A survey of 340 business students conducted by researchers at Kennesaw State University, Georgia, revealed that time spent on social networks lowers academic performance. Also the longer a student spends on these online networks, the shorter the students’ attention span. (Source: Globe & Mail, November 12, 2012.)
One third of wired Canadians use Internet-ready digital devices before getting out of bed in the morning, according to an Angus Reid/Vision Critical poll conducted for the Toronto Star and reported in their January 26, 2013 issue. According to research by Nielson, and reported in the book, The end of absence: reclaiming what we’ve lost in a world of constant connection, by Michael Harris, the average teenager now manages upward of 4000 text messages every month.
A study of over 200 students at the University of Rhode Island found they were losing an average of 45 minutes of sleep each week because of their cell phones. (Source: Toronto Globe & Mail, November 22, 2011).
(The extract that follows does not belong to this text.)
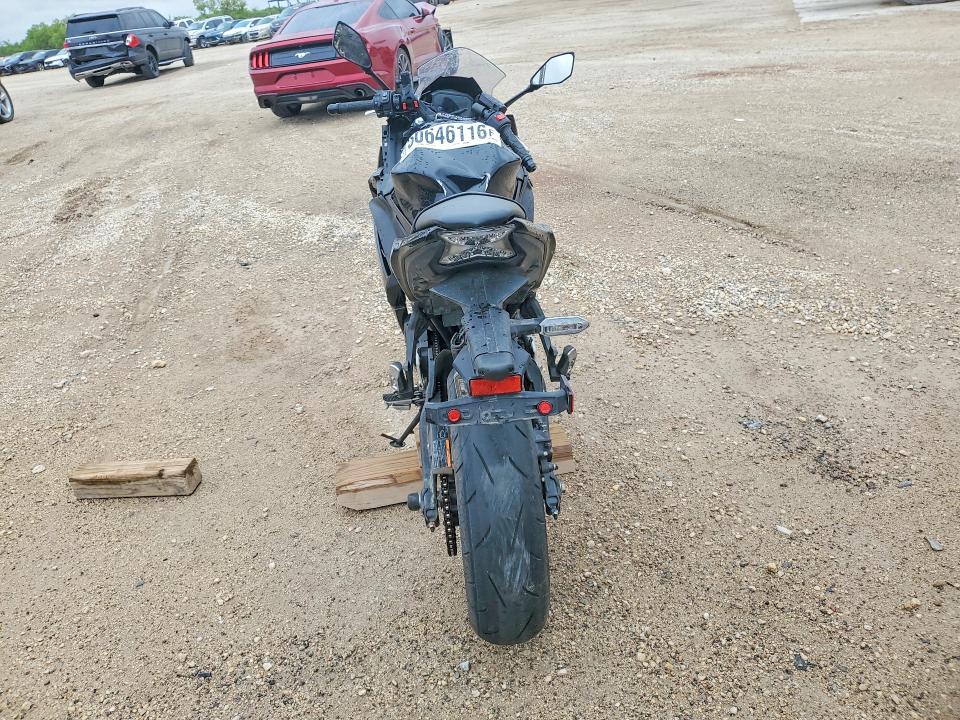 2025 Kawasaki Ex650 მანქანა იყიდება აუქციონზე, vin: ML5EXER12SDAF9470, აუქციონის ნომერი: 50646116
Sleep requirements for those 18 years of age and older are 7 to 9 hours a night.
Most people think they need less than 7 hours sleep a night; but according to the American Academy of Sleep Medicine, only 1 to 3 percent of the population actually needs less than 7 hours of sleep a night. The rest are sleep deprived. Those who sleep at least seven hours per night are nearly 50% less likely to develop precancerous growths in the colon than those who get less than six hours sleep. (Journal of Cancer, reported in Woman’s World, May 6, 2011.) If you get less than five hours or more than ten hours of sleep, there’s a double mortality rate. (Source: Dr. Michael Breus, author of The Sleep Doctor’s Diet Plan, reported in the May, 2011 issue of Zoomer Magazine.) Inadequate sleep has also been linked to obesity.
In addition to these attention problems, sleep loss and possible health issues, our privacy could be compromised as well. You reveal a lot about yourself by the “likes” you post on Facebook, according to a study of 60,000 volunteers by the University of Cambridge’s Psychometrics Centre. Researchers could predict with varying degrees of accuracy (up to 95%) such things as a person’s sex, race, religion, sexual orientation, IQ and even whether the person smoked or had divorced parents. It seems like marketers may be taking a closer look at social media. The study was published in March, 2013 in the Proceedings of the National Academy of Sciences.
The highest price we pay is what we have to give up in order to be spending such a large amount of time on our computers, electronic devices, and the Internet. This could include time with our family, our friends, and even time alone – doing what is important and meaningful to us.